Pero los programas de visados de oro se están eliminando o cerrando en toda Europa, mientras los gobiernos tratan de reparar el daño ocasionado al mercado inmobiliario. Y tras la invasión rusa a Ucrania, las autoridades de la UE instaron a los gobiernos a acabar con ellos, advirtiendo que podrían utilizarse para el blanqueo de dinero, la evasión fiscal e incluso el crimen organizado.
Portugal, que ha obtenido más de 5800 millones de euros en inversiones gracias a los visados, modificó su programa en octubre para eliminar los bienes inmuebles como inversión, con el fin de reducir las compras especulativas y enfriar un mercado inmobiliario estresado. La afluencia de extranjeros ha desplazado a miles de ciudadanos portugueses con bajos ingresos de sus hogares en ciudades como Lisboa.
Grecia, uno de los últimos países de Europa en ofrecer un visado de oro, está elevando el umbral de inversión extranjera de 500.000 a 800.000 euros en la zona de Atenas y en islas populares como Mykonos y Santorini. El primer ministro del país, Kyriakos Mitsotakis, reconoció la grave escasez de viviendas y la presión sobre los mercados de alquiler, en especial en los alrededores de Atenas, pero afirmó que el gobierno aún quería atraer a los inversionistas. Solo entre 2021 y 2023, Grecia recaudó 4300 millones de euros en inversiones gracias a los visados.

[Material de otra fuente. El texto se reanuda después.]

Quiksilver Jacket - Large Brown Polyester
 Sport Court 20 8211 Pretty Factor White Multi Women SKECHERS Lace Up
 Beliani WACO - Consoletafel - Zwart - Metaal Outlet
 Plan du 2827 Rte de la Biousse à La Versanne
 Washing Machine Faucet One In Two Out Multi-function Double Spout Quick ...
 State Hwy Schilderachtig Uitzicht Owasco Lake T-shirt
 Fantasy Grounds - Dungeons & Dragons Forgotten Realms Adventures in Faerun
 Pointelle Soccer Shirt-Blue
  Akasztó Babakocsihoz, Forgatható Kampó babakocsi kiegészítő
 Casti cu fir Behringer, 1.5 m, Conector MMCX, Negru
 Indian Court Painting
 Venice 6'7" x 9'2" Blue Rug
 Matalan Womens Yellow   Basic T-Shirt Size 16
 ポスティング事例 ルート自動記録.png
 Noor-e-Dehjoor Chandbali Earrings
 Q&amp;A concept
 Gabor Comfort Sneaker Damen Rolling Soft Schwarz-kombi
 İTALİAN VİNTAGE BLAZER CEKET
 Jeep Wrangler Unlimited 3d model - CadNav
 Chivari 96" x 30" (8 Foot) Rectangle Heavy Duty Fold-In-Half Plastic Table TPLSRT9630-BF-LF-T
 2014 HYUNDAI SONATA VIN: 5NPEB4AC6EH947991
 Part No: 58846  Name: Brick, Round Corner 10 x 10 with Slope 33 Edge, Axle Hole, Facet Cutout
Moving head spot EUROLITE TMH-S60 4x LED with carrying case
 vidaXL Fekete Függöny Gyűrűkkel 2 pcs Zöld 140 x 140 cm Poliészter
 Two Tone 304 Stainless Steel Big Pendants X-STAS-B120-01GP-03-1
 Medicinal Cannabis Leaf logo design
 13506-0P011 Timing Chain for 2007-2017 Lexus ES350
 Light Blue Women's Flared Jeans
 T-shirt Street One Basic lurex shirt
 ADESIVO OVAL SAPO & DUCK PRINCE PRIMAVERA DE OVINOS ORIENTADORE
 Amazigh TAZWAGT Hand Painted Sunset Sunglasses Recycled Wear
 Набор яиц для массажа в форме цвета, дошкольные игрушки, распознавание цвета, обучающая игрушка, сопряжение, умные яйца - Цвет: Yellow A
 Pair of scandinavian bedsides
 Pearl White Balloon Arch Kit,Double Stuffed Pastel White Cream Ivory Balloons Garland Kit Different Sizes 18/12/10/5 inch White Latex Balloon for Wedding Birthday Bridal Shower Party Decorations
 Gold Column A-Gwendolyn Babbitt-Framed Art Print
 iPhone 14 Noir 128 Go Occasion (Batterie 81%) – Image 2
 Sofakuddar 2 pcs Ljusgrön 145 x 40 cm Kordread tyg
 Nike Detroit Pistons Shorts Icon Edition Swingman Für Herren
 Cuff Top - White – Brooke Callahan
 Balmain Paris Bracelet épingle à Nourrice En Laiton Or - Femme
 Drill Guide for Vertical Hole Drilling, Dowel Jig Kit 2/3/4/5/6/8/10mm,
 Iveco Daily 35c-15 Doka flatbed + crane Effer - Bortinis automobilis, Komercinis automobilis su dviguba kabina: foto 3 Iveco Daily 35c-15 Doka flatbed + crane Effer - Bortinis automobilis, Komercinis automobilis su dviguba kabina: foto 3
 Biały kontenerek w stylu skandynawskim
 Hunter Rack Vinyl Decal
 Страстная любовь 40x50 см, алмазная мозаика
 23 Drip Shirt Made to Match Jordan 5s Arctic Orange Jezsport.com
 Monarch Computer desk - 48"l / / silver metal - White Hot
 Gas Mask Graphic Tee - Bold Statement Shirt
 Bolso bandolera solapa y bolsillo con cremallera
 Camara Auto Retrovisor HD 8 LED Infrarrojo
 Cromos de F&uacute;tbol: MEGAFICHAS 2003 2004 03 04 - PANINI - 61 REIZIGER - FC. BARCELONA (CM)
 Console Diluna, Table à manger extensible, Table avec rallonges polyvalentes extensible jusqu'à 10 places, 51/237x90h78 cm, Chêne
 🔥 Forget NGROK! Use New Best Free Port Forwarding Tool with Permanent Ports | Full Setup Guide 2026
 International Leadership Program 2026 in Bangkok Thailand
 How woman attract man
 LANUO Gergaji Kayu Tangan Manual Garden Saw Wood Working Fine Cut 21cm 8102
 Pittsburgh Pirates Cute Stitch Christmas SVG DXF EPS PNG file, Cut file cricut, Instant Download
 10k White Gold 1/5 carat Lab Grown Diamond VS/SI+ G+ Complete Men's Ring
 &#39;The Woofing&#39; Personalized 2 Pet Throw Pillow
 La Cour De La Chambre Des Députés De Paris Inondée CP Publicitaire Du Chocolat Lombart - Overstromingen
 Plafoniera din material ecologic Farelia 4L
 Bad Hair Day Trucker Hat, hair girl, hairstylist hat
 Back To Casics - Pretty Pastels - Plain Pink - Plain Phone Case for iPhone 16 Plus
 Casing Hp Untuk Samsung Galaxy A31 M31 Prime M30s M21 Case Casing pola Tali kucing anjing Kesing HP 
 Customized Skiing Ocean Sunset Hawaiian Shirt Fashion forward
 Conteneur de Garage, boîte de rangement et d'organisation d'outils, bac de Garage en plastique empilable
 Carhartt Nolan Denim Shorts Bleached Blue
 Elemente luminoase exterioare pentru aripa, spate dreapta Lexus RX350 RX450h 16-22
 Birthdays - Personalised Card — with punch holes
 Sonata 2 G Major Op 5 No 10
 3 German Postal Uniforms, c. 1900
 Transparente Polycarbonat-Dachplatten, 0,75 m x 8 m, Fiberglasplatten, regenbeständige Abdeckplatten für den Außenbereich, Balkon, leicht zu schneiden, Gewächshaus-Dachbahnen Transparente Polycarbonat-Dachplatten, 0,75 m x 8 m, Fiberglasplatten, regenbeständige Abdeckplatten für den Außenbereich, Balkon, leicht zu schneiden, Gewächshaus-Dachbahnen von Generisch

Según un informe publicado en marzo por el Instituto de Economía Laboral, los programas de visados han contribuido a impulsar el desarrollo económico de los países que los ofrecen. Sin embargo, según el informe, los gobiernos deben encontrar “un delicado equilibrio entre los beneficios económicos y la protección frente a posibles riesgos”, como el blanqueo de dinero y la gentrificación desenfrenada.
El retroceso se produce en un momento en que una crisis inmobiliaria más amplia se apodera de Europa, tras años en los que sus mercados inmobiliarios han sufrido una profunda metamorfosis que ha expulsado cada vez más a los trabajadores con ingresos modestos como médicos, profesores y policías.
La gentrificación se ha extendido por las ciudades europeas durante décadas, pero el auge de Airbnb y otros proveedores de alquileres a corto plazo ha acelerado la crisis de asequibilidad. Ese fue el caso en los países afectados por la crisis de la deuda europea, donde los propietarios descubrieron que podían ganar más alquilándole a turistas que a locales cuyas finanzas se habían visto afectadas por los programas de austeridad.